Di dalam bukunya yang berjudul Islam and Secularism, Prof. al-Attas menjelaskan bahwa Kristen yang hari ini berkembang di Barat merupakan “wajah” baru bagi Kristen. Menurut beliau, Kristen yang berkembang di Barat memang bersifat dialektis. Ia akan terus berkembang mengikuti perkembangan zaman, hingga mereduksi berbagai nilai asanya dan menajdi “agama baru” yang beliau sebut sebagai Kristen-Sekular.
“Thus they tended to regard religion as part of culture and tradition, created in history, evolving in history, and always subject to development,” ungkap Prof. Al-Attas
Menurut Dr. Nirwan Syafrin, alih-alih menanggapi serangan ini secara komprehensif, Kristen Barat malah berupaya melegitimasi kedudukan sekularisme dan upaya sekularisasi sebagai salah satu konsekuensi dari keimanan terhadap Alkitab (Bible). Hal ini dinyatakan di dalam salah satu ayat pada Perjanjian Baru (The New Testatement), bahwa dunia itu kotor, sehingga ia tak layak diintervensi oleh Tuhan yang maha suci.

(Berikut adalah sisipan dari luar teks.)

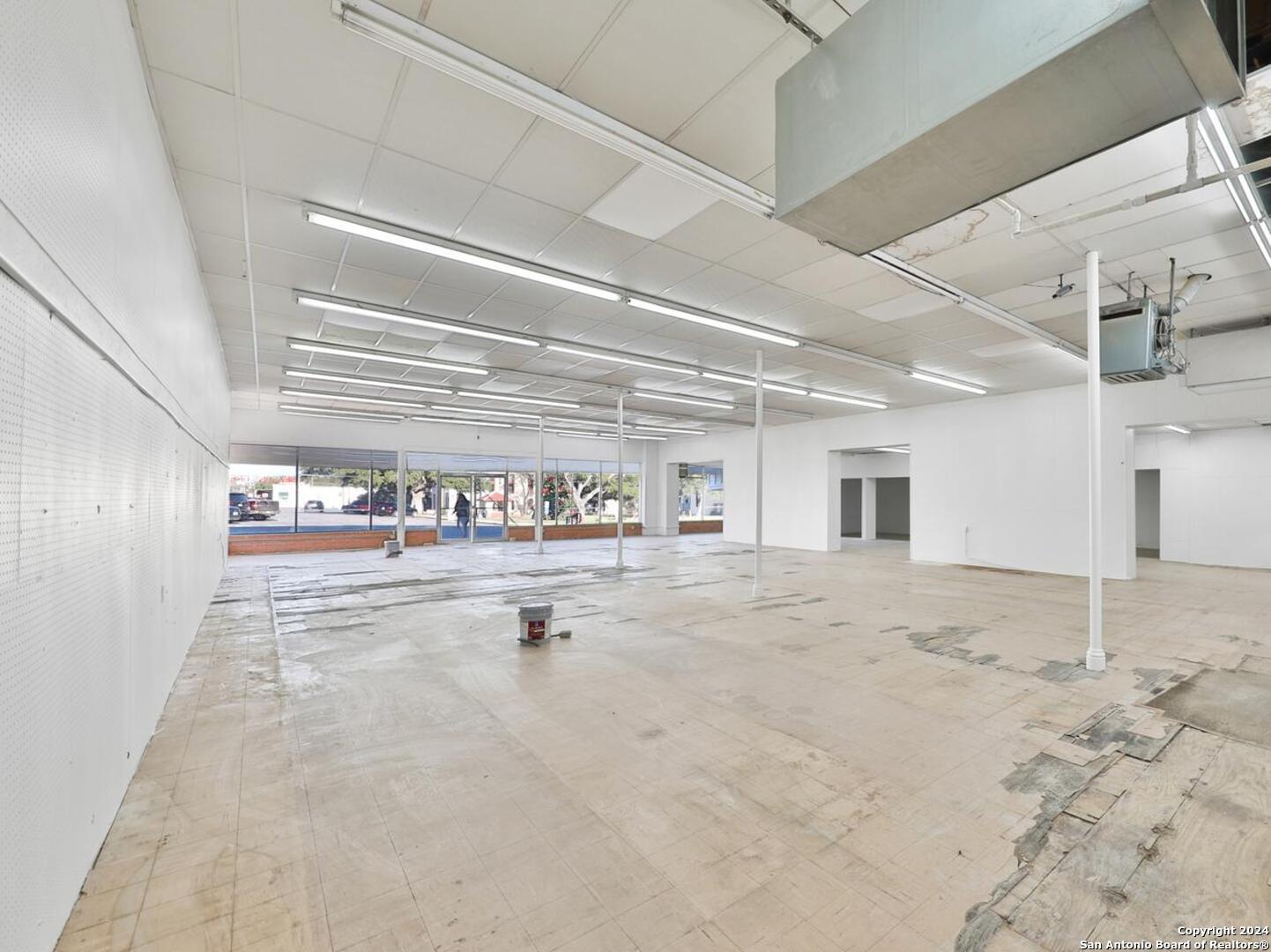 1401 3rd Street Floresville TX 78114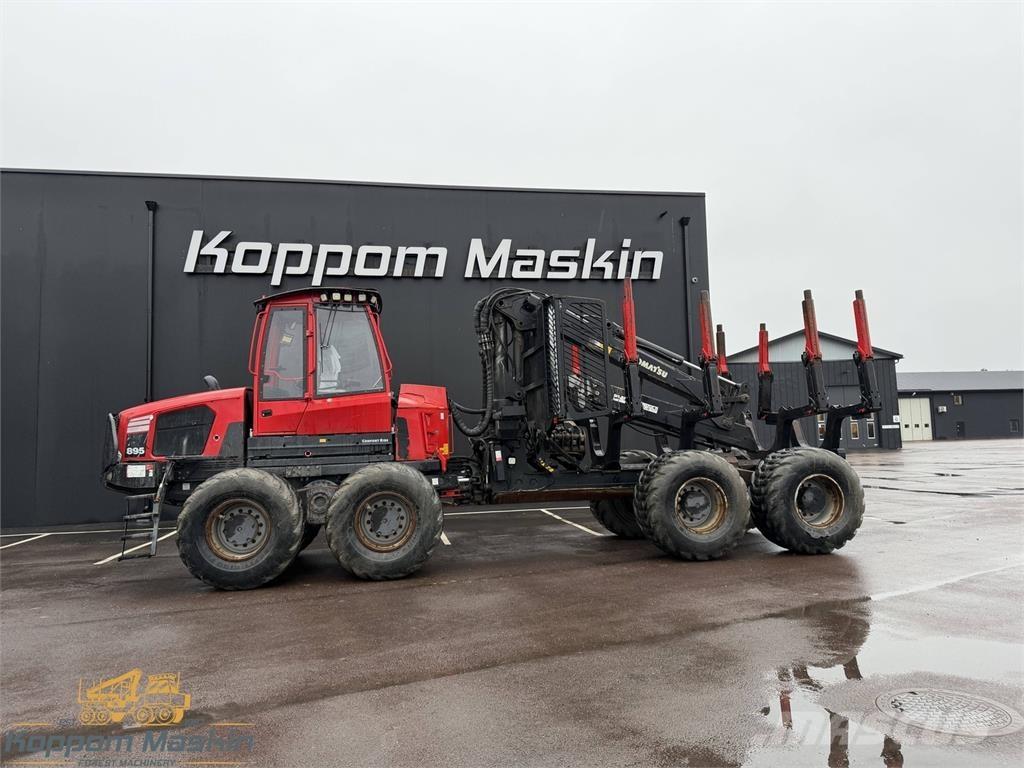 Komatsu 895 Forwarders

Harvey Cox dalam bukunya The Secular City juga menegaskan bahwa “Secularization is the legitimate consequence of the impact of biblical faith on history.” (Sekularisasi adalah konsekuensi sah dari dampak iman Alkitab terhadap sejarah).
Hal ini menguatkan pembenaran bagi sekularisme, sekaligus menimbulkan paradoks: Bagaimana mungkin Alkitab membenarkan sekularisme, sementara sekularisme mengajarkan seseorang membuang agama? Dari sinilah, nantinya, setelah kehancuran Kristen lama, Peradaban Barat akan membangun lagi Kristen baru dengan “wajah” yang lebih cantik bernama Kristen-Sekular. Sehingga meskipun seseorang mengakui dirinya sebagai sekular, ia akan tetap diakui sebagai Kristen, berkat keyakinan baru ini.